Chapter 9
“Since our interview of this morning (so strangely abridged) I have had the honour to visit your dear uncle, the Prime Minister, and he agrees with me that the strain of your recent examinations and the anxieties of a new occupation have probably disturbed your health, and that it will be prudent of you to take a short vacation. I have therefore the greatest pleasure in assuring you that you are free from duty for a week, a fortnight, or a month, as your convenience may determine; and during your much-regretted absence I will do my best to sustain the great loss of your invaluable help.”
On reading the message, John Storm flung himself into a chair and burst into a long peal of bitter laughter. But when the laughter was spent there came a sense of great loneliness. Then he remembered Mrs.

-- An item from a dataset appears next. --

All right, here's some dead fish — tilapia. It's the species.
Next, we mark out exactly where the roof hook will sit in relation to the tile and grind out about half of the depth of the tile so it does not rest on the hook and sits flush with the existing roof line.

Callender, and went across to her little house in Victoria Square, and showed her the canon's letter and told her everything.
“Lies, lies, lies!” she said. “Ah, laddie, laddie! to lie, to know you lie, to be known to lie, and yet to go on lying--that is the whole art of life with these fashionable shepherds and their fashionable flock. As for that woman--ugh! She was separated from her husband for two years before his death; and he died in a hotel abroad without kith or kin to comfort him: and now she wears his hair in a gold locket on her bosom--that's what she is! But all's well that ends well, laddie. The _holly_ will do ye good, for you were killing yerself with work. You'll no be spending it in your little island, now, eh?”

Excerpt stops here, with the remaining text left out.